Writing in the Australian, Christopher Pearson likens mainstream climate science to creationism

When Charles Darwin unveiled the theory of evolution, the world at once divided into rationalists and creationists. The theory that man-made greenhouse gas is causing potentially catastrophic climate change is another great divider. On one side are the sceptics, who want compelling evidence. On the other are the true believers.

Now there are some interesting parallels in the debates about evolution and global warming, but they don’t go the way Pearson insinuates. In both cases, the domination of the mainstream view in the scientific literature is so overwhelming that in the rare case that a creationist paper or a global warming skeptic paper is published, serious questions are raised about the peer review of that paper.

Next Pearson calls for the sacking of Ian Campbell, the Environment Minister, because:

after a few months in the portfolio, he said he had reviewed the evidence and accepted, as paraphrased in a report in this newspaper, “the greenhouse theory that emissions such as carbon dioxide from industry were the cause of global warming”.

Clearly a job requrement for the Environment Minister in Australia must be the ability to reject global warming no matter how compelling the evidence is.

But what, you might ask, is wrong with the evidence in the IPCC report? Pearson tells us:

One of the alternative explanations is that the main cause has been volcanic activity, much of it submarine and hard to detect.

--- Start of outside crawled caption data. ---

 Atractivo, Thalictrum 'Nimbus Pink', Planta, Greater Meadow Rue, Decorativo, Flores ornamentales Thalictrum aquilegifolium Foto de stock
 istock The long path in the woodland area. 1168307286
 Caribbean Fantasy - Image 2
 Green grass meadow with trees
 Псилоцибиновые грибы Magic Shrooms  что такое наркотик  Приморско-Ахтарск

Submarine volcanoes are causing global warming? This isn’t possible, since the total heat flow coming from the interior of the earth is much too small to cause significant warming. Where did Pearson get his “alternative explanation” from? The only source I could find was the same “Iceagenow” web site that David Bellamy got his false statistics about glaciers from. As George Monbiot put it:

Iceagenow was constructed by a man called Robert W Felix to promote his self-published book about “the coming ice age”. It claims that sea levels are falling, not rising; that the Asian tsunami was caused by the “ice age cycle”; and that “underwater volcanic activity - not human activity - is heating the seas”.

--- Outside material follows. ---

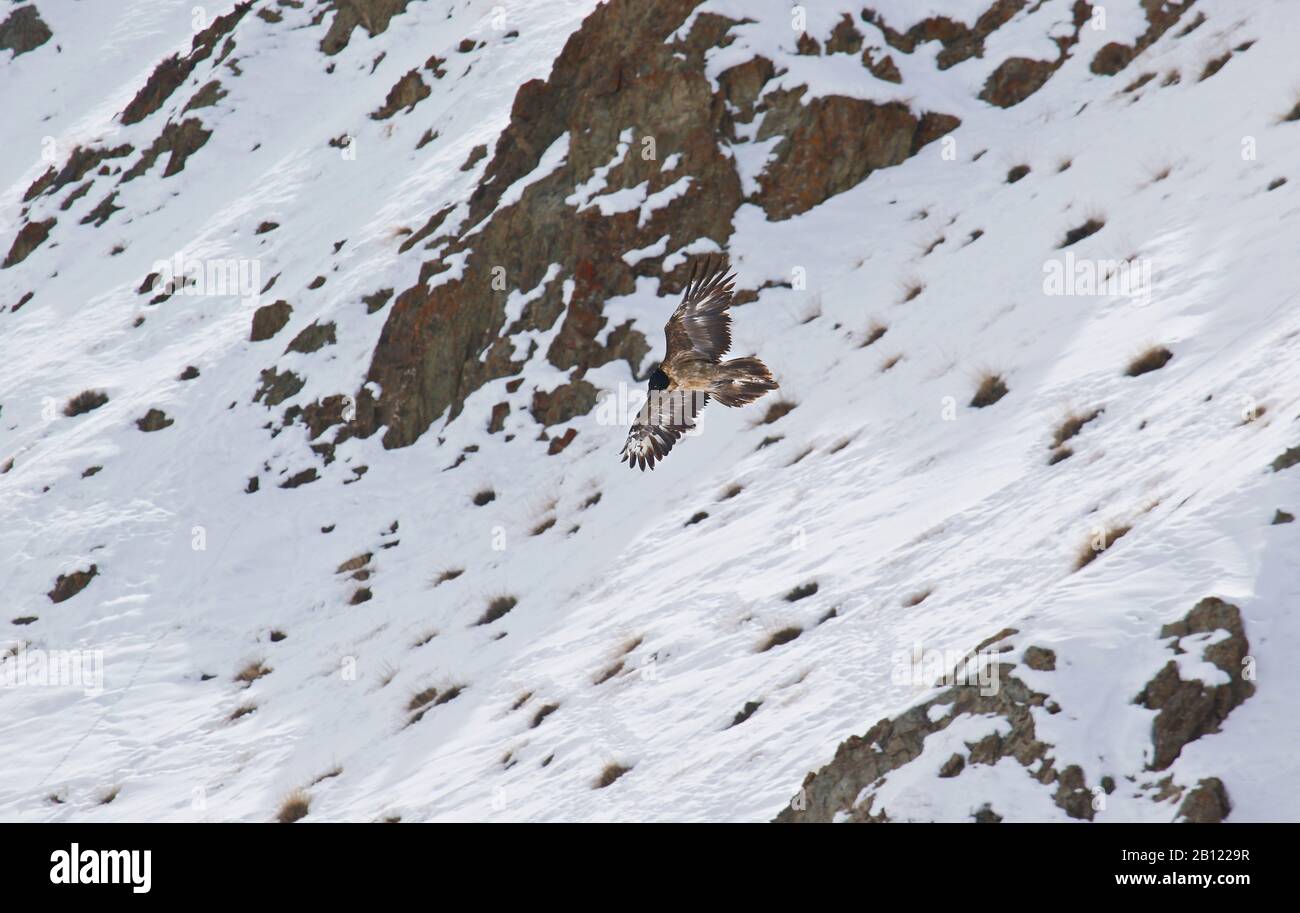 Giovane o inmaturo di Vulture Bearded (Gipaetus barbatus), valle di Rumbak. Parco nazionale di Hemis. Ladakh, Himalaya, India Foto Stock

Is Felix a climatologist, a volcanologist or an oceanographer? Er, none of the above. His biography describes him as a “former architect”. His website is so bonkers that I thought at first it was a spoof. Sadly, he appears to believe what he says.

Felix doesn’t haven’t any actual data or measurements to support his theory that volcanoes are warming the ocean. He just lists news stories about undersea volcanoes and asserts that they must be contributing a tremendous amount of heat, but without any actual numbers. Apparently Pearson finds this more compelling than the IPCC reports with all their silly facts and numbers.

Pearson then goes on to quote William Kinimonth:

“It seems to me rather odd that so many scientists are embracing this one-dimensional, flat-earth theory without looking at how climate really works.”

Kininmonth was wrong — the IPCC report relies on three-dimensional, not one-dimensional climate models. Even Pearson could have discovered this if he had spent a few minutes on the Internet.

And this 2004 post from John Quiggin about another Pearson piece on DDT demonstrates that Pearson is a repeat offender:

Not only is almost everything in the article either false or grossly misleading, but it’s a fourth-hand recycling of points that have been flogged to death in the blogosphere.

Thanks to Jack Strocchi for the tip.